> **TASK PROMPT**
Beginning with the line below that contains "Frauen tanzen mit" and ending with the line that contains "The Chucks performing", copy every line exactly. Copy nothing else.

> **RECORDS TO USE**
__________
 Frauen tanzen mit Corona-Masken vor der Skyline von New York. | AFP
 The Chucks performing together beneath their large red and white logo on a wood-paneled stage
__________
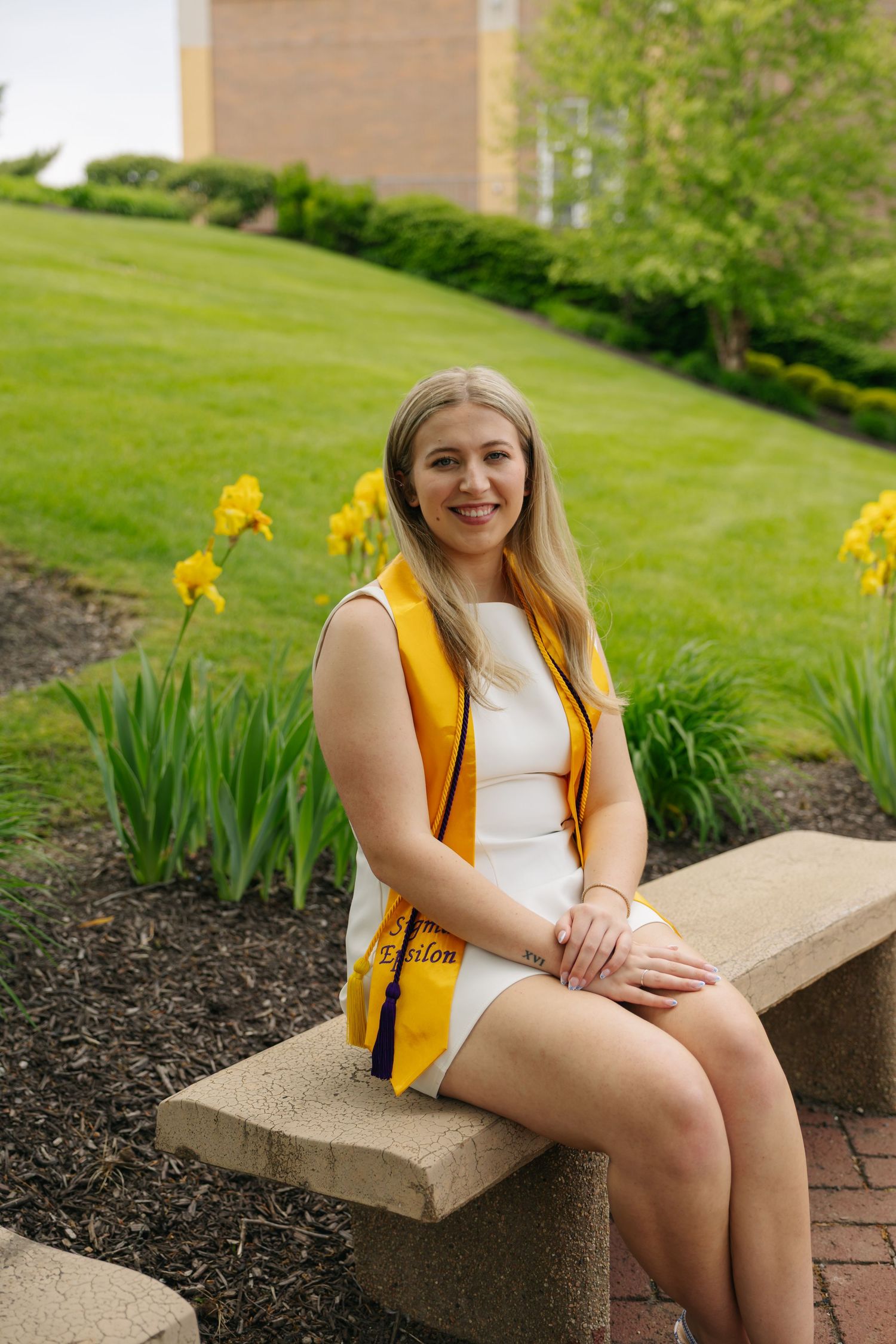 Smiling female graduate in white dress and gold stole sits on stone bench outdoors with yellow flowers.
__________
> **RESPONSE FOR THIS EXERCISE**
 Frauen tanzen mit Corona-Masken vor der Skyline von New York. | AFP
 The Chucks performing together beneath their large red and white logo on a wood-paneled stage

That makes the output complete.